If you encounter the error Failed to list GitHub repositories. Please make sure the account name is correct and you have permission to perform the action., ensure you're using the correct owner name, and not the GitHub repository URL.

Screenshot showing GitHub Configure a repository using enterprise server pane.

GitHub repository settings

The configuration pane shows the following GitHub repository settings:

Setting Description Value
Repository Type The type of the Azure Repos code repository. GitHub
Use GitHub Enterprise Server Checkbox to select GitHub Enterprise Server. unselected (default)
GitHub Enterprise Server URL The GitHub Enterprise root URL (must be HTTPS for local GitHub Enterprise server). For example: https://github.mydomain.com. Required only if Use GitHub Enterprise Server is selected <your GitHub Enterprise Server URL>
GitHub repository owner GitHub organization or account that owns the repository. This name can be found from https://github.com/{owner}/{repository name}. Navigating to this page prompts you to enter GitHub OAuth credentials to your GitHub organization or account. If you select Use GitHub Enterprise Server, a dialog box appears to let you enter your access token. <your GitHub repository owner name>
Repository Name Your GitHub code repository name. GitHub accounts contain Git repositories to manage your source code. You can create a new repository or use an existing repository that's already in your account. Specify your GitHub code repository name when you select Select repository. <your repository name>
Git repository link Your GitHub code repository link. Specify your GitHub code repository link when you select Use repository link. <your repository link>
Collaboration branch Your GitHub collaboration branch that is used for publishing. By default, it's main. Change this setting in case you want to publish resources from another branch. You can also create a new collaboration branch here. <your collaboration branch>
Publish branch The branch in your repository where publishing-related ARM templates are stored and updated. <your publish branch name>
Root folder Your root folder in your GitHub collaboration branch. <your root folder name>
Import existing resources to repository Specifies whether to import existing data factory resources from the UX authoring canvas into a GitHub repository. Select the box to import your data factory resources into the associated Git repository in JSON format. This action exports each resource individually (that is, the linked services and datasets are exported into separate JSONs). When this box isn't selected, the existing resources aren't imported. Selected (default)
Import resource into this branch Specifies into which branch the data factory resources (pipelines, datasets, linked services etc.) are imported.

Editing repo settings

If any adjustments need to be made to the settings of your configured GitHub repository, you can choose to Edit.

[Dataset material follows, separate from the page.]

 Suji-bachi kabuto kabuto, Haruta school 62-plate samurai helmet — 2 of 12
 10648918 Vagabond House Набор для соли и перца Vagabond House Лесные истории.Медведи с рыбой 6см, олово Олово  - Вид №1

Screenshot showing the edit button for editing a GitHub repository.

You can update your publish branch and decide whether or not to disable the publish button from the ADF studio. If you choose to disable the publish button from the studio, the publish button is grayed out in the studio. This helps avoid overwriting the last automated publish deployment.

Screenshot showing a checkbox for disabling the publish button for Azure Data Factory studio.

GitHub organizations

Connecting to a GitHub organization requires the organization to grant permission to Azure Data Factory. A user with ADMIN permissions on the organization must perform the below steps to allow data factory to connect.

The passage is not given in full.